*** Begin section ***
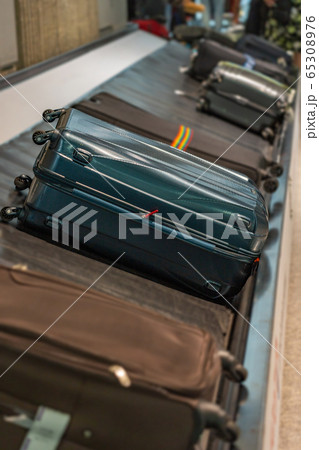 Suitcases on luggage conveyor belt at arrival terminal in airport  65308976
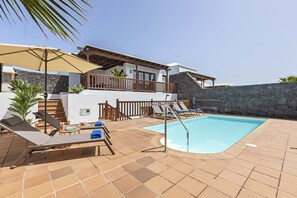 Un espace piscine avec des chaises longues, une terrasse en bois et un mur en pierre.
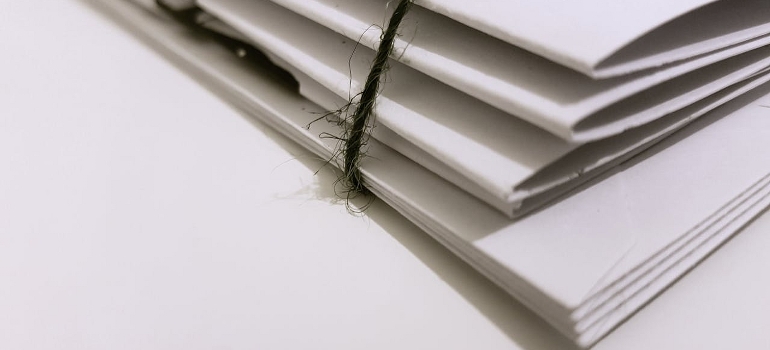 stack of documents as one of the things that you should bring in your car when moving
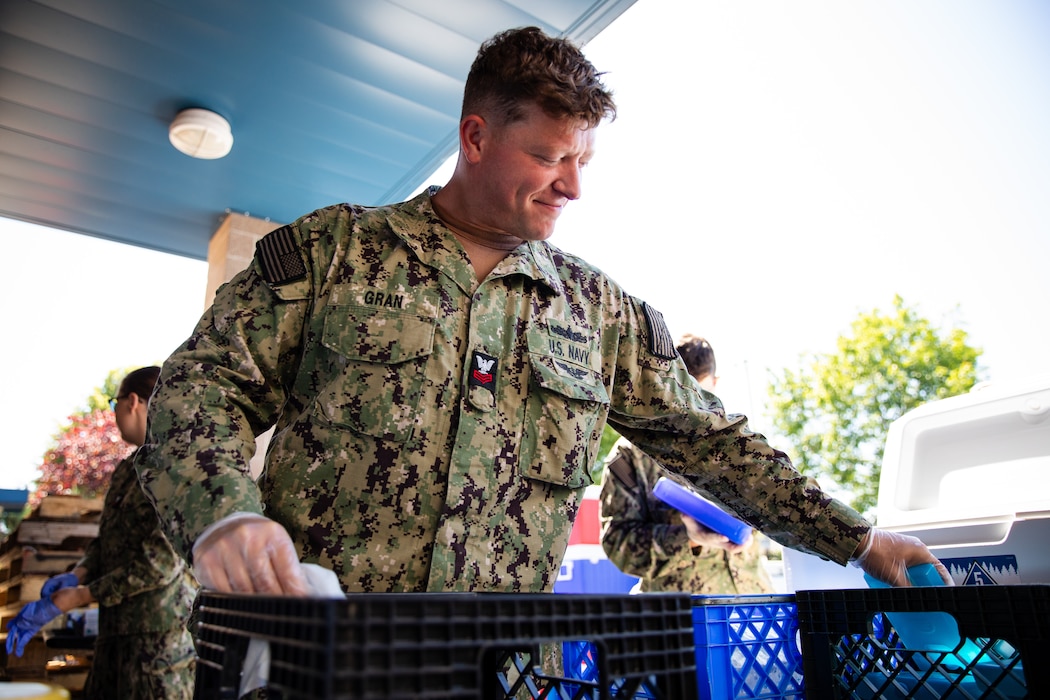 Electronics Technician 1st Class Kevin Gran assigned to the Independence-variant littoral combat ship USS Montgomery (LCS 8) assists in organizing food and supplies to be distributed to the community as a part of the annual Rose Festival during Portland Fleet Week in Portland, Oregon, June 7, 2024. Portland Fleet Week is a time-honored celebration of the sea services and provides an opportunity for the citizens of Oregon to meet Sailors, Marines and Coast Guardsmen, as well as witness firsthand the latest capabilities of today’s maritime services. (U.S. Navy photo by Mass Communication Specialist 2nd Class Jordan Jennings)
*** End section ***
Goal of the exercise. The line containing "stack of documents" marks the end; please output exactly the lines of the listing above from its first line through that line, without pictures.

Response below.
 Suitcases on luggage conveyor belt at arrival terminal in airport  65308976
 Un espace piscine avec des chaises longues, une terrasse en bois et un mur en pierre.
 stack of documents as one of the things that you should bring in your car when moving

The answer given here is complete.